--- Listed entries ---

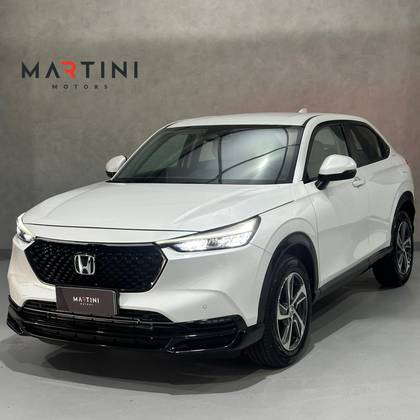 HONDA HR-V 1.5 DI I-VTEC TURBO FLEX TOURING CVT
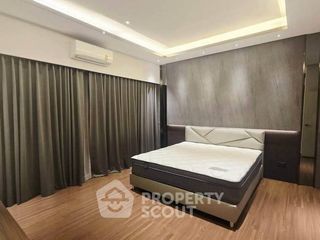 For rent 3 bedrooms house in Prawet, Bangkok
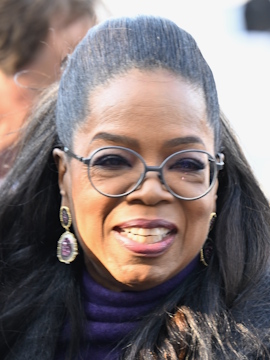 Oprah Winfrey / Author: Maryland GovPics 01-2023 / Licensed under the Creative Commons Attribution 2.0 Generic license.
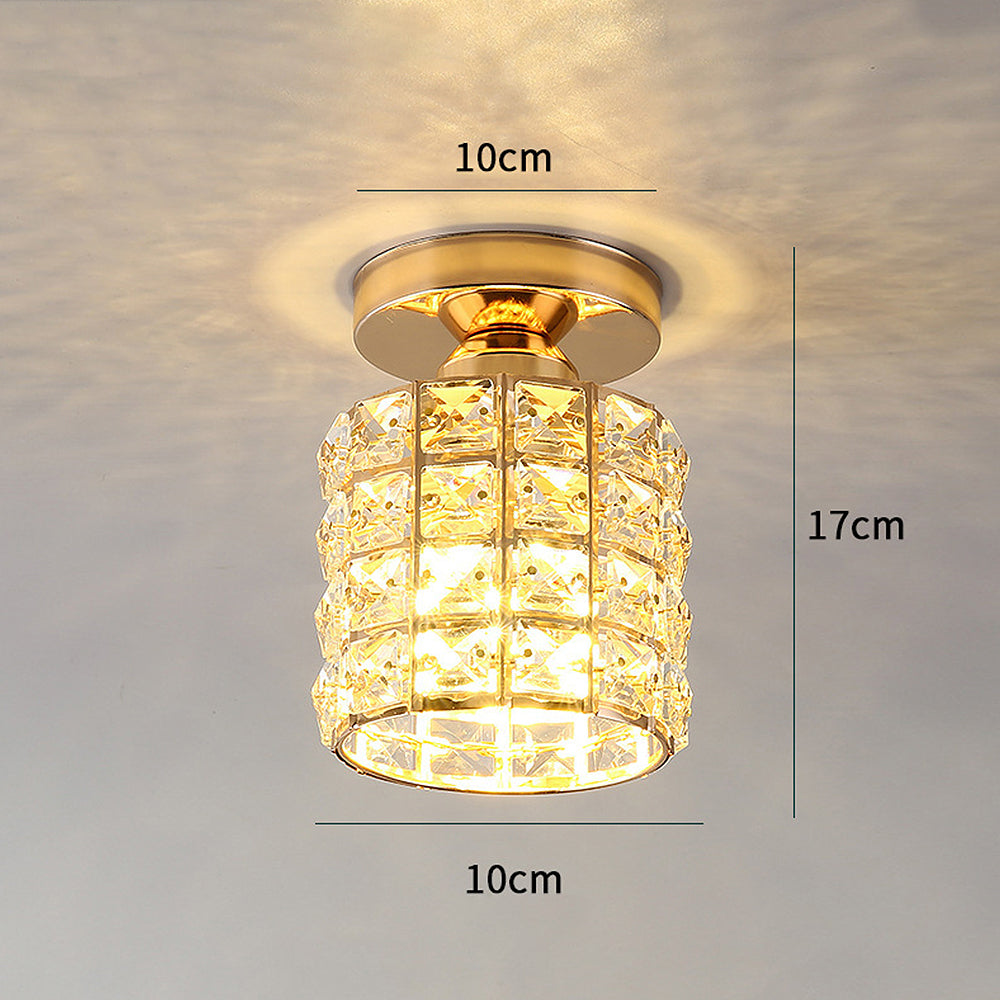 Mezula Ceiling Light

---
--- Listed entries ---

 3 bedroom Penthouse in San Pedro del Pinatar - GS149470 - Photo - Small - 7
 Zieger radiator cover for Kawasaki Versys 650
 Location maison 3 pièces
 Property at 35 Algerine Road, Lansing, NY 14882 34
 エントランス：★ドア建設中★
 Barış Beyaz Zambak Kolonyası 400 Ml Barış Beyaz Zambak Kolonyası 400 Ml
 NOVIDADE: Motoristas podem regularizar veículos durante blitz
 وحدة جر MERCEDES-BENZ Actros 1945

---

Your objective
Starting at the line above with "For rent 3 bedrooms house in Prawet, Bangkok", output every line exactly up to and including the line with "Mezula Ceiling Light", but none of the pictures.

Output of the exercise
 For rent 3 bedrooms house in Prawet, Bangkok
 Oprah Winfrey / Author: Maryland GovPics 01-2023 / Licensed under the Creative Commons Attribution 2.0 Generic license.
 Mezula Ceiling Light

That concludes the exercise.